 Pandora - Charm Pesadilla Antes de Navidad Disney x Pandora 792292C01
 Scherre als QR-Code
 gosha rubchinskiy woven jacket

○ ○ ○ ○ ○

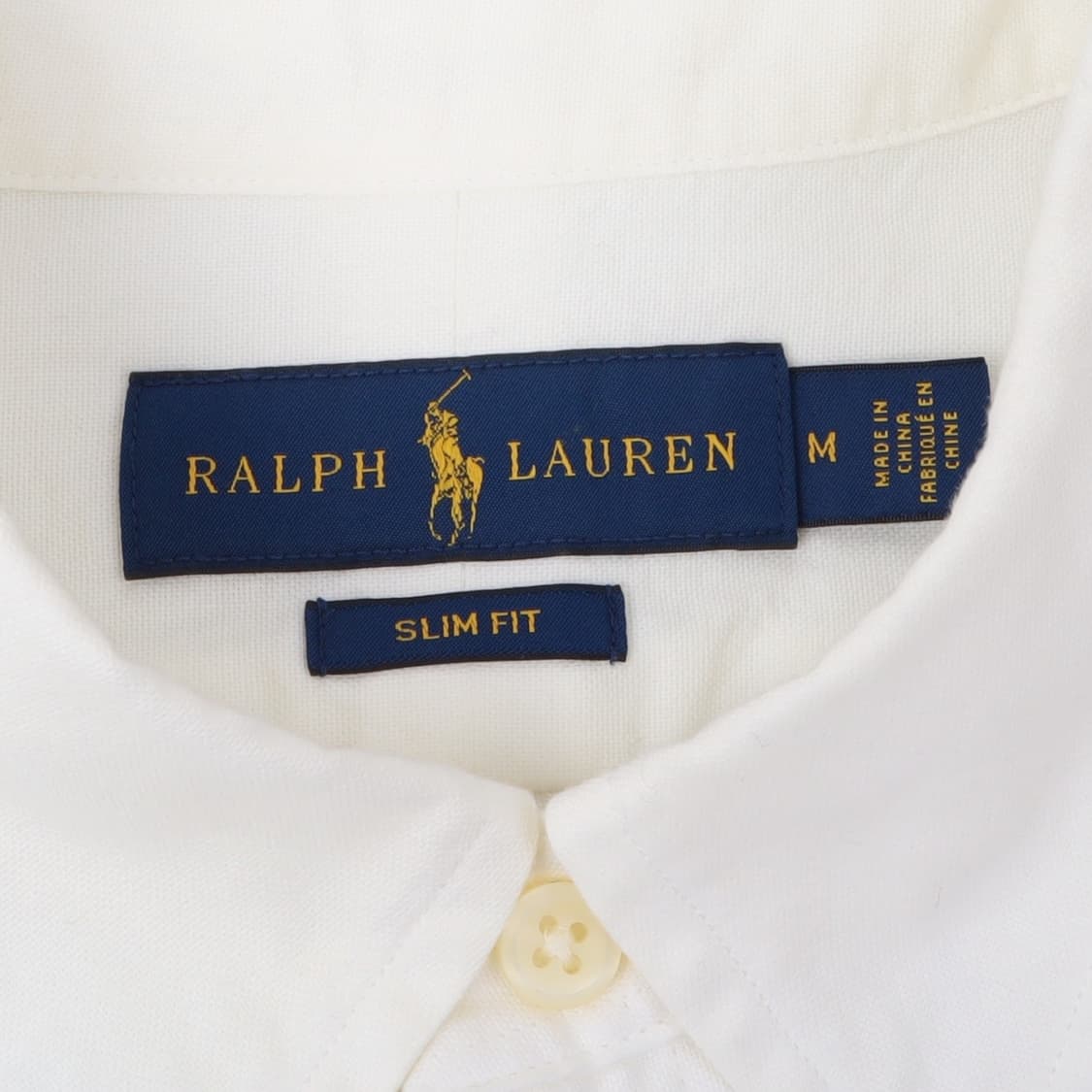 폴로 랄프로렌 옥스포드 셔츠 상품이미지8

○ ○ ○ ○ ○

▶ **Task to carry out**
With the line holding "Scherre als QR-Code" as the first and the line holding "gosha rubchinskiy woven jacket" as the last, please transcribe exactly the lines of the material above in that range and nothing else.

▶ **Task result**
 Scherre als QR-Code
 gosha rubchinskiy woven jacket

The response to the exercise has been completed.